-- Exercise aim --
Copy each entry below unchanged; the images do not go in the copy.

-- Raw data --
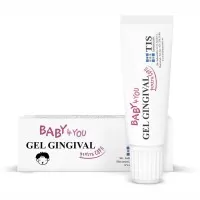 Tis Gel Gingival Copii, 15ml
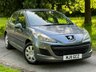 USED 2011 11 PEUGEOT 207 1.4 S 8V 5d 73 BHP 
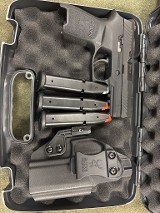 SIG SAUER P320 9MM LUGER (9x19 PARA) - 2 of 3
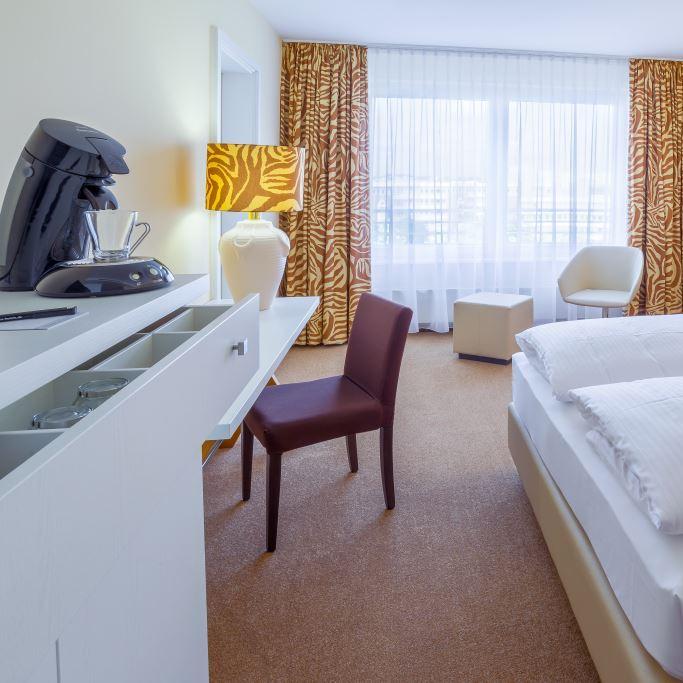 Restaurant "relexa hotel" in Frankfurt am Main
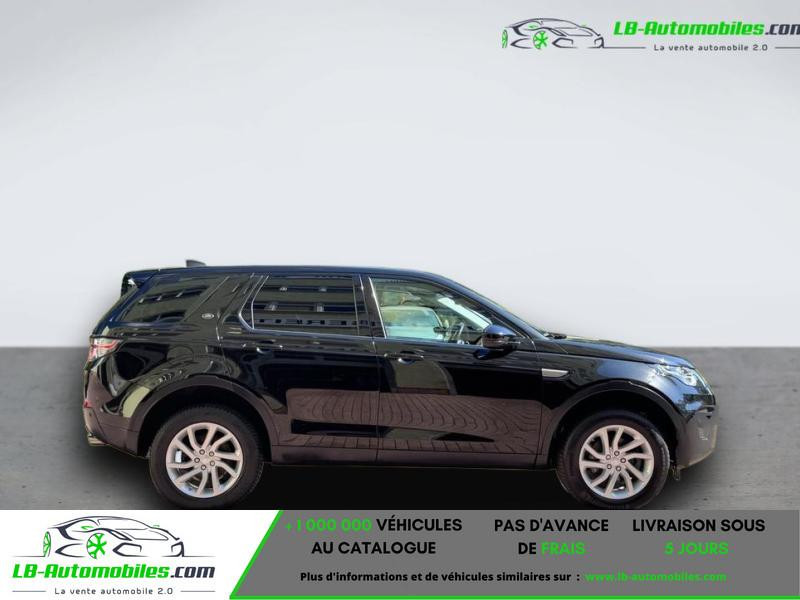 Land rover Discovery Sport TD4 150ch BVA  occasion  Beaupuy - photo n5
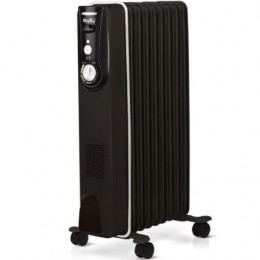 Масляный радиатор Ballu Modern BOH/MD-09BBN 2000 (9 секций)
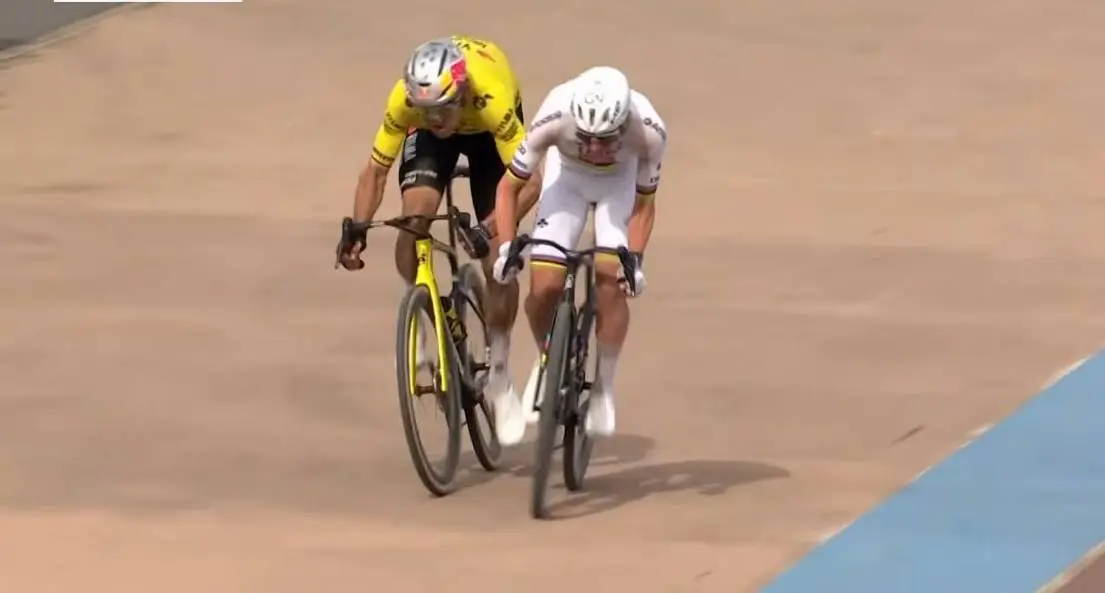 Na winst in Parijs-Roubaix: dit is nu hét grote doel van Wout van Aert...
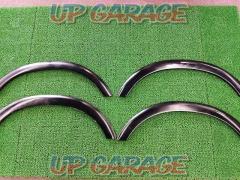 Manufacturer unknown FRP
Fenders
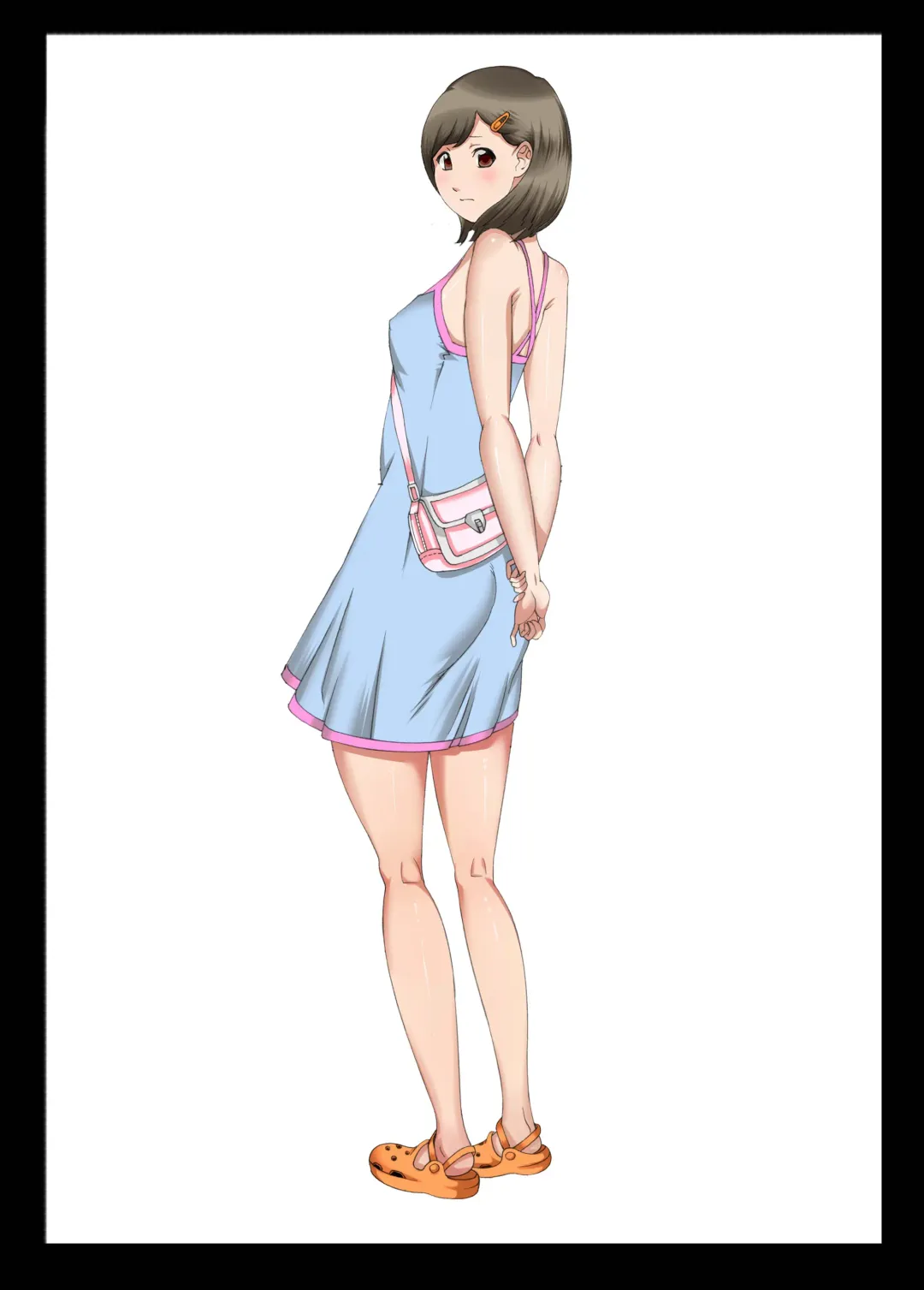 Roshutsu Choukyou File Mesu Buta Mii-chan SNS Tandoku Nama Haishin ~Zengohen Pack~ Fhentai - Page 30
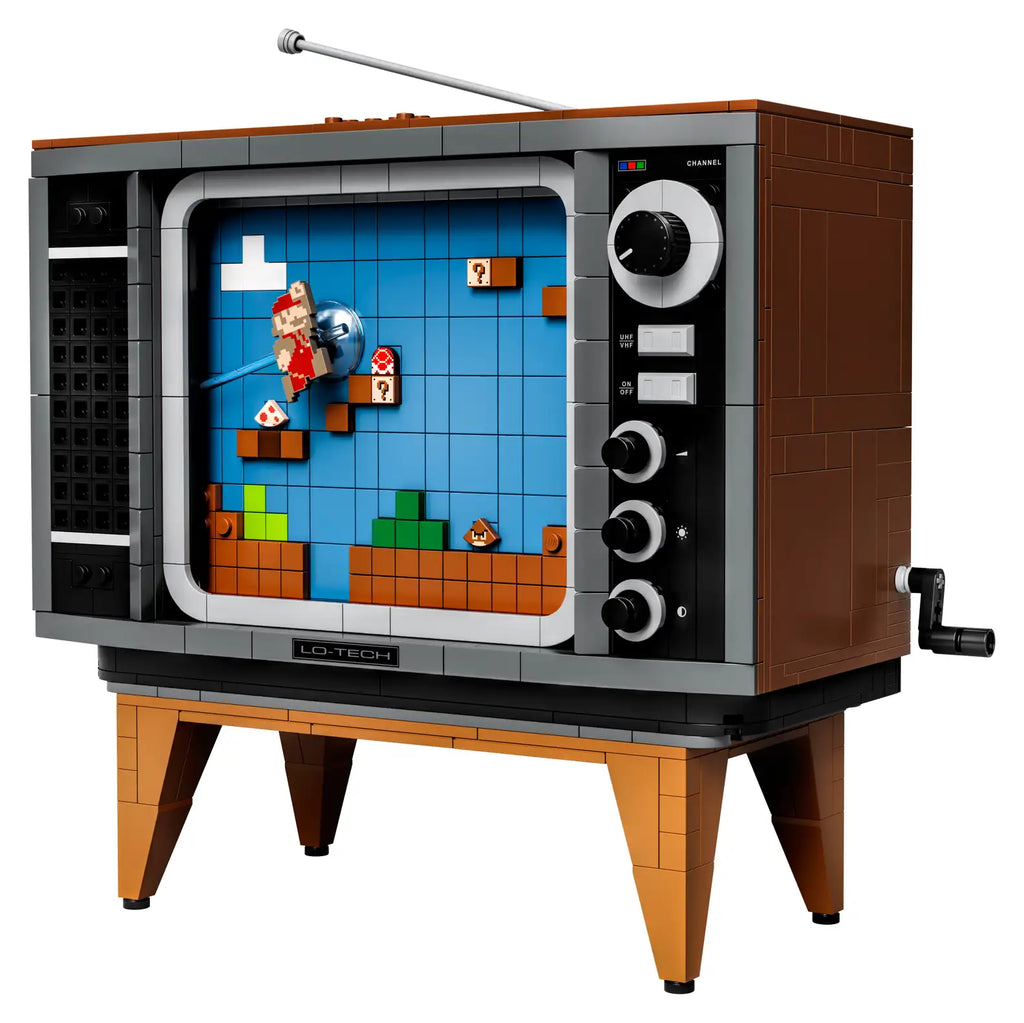 LEGO Super Mario - Nintendo Entertainmainet system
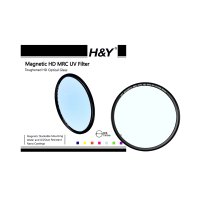 H&Y Magnetic HD MRC UV 필터 키트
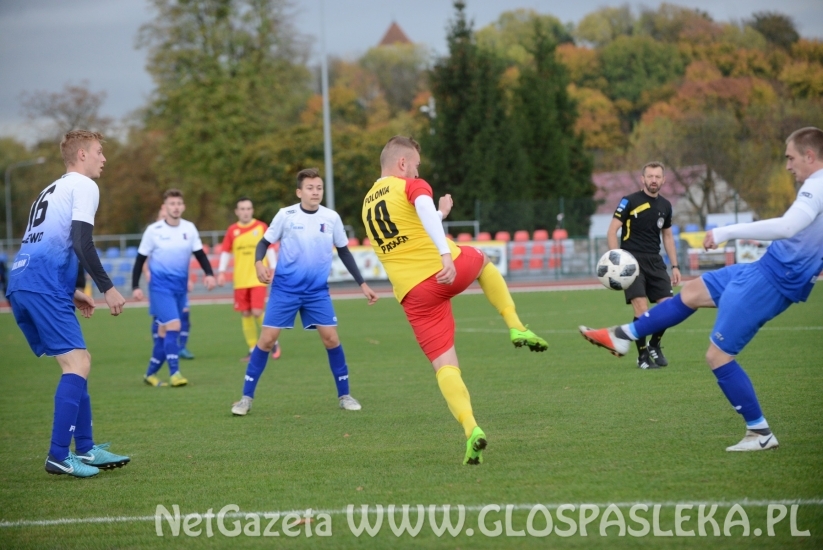 3:2 z Ewingami Zalewo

-- Answer space --
 Tis Gel Gingival Copii, 15ml
 USED 2011 11 PEUGEOT 207 1.4 S 8V 5d 73 BHP 
 SIG SAUER P320 9MM LUGER (9x19 PARA) - 2 of 3
 Restaurant "relexa hotel" in Frankfurt am Main
 Land rover Discovery Sport TD4 150ch BVA  occasion  Beaupuy - photo n5
 Масляный радиатор Ballu Modern BOH/MD-09BBN 2000 (9 секций)
 Na winst in Parijs-Roubaix: dit is nu hét grote doel van Wout van Aert...
 Manufacturer unknown FRP
Fenders
 Roshutsu Choukyou File Mesu Buta Mii-chan SNS Tandoku Nama Haishin ~Zengohen Pack~ Fhentai - Page 30
 LEGO Super Mario - Nintendo Entertainmainet system
 H&Y Magnetic HD MRC UV 필터 키트
 3:2 z Ewingami Zalewo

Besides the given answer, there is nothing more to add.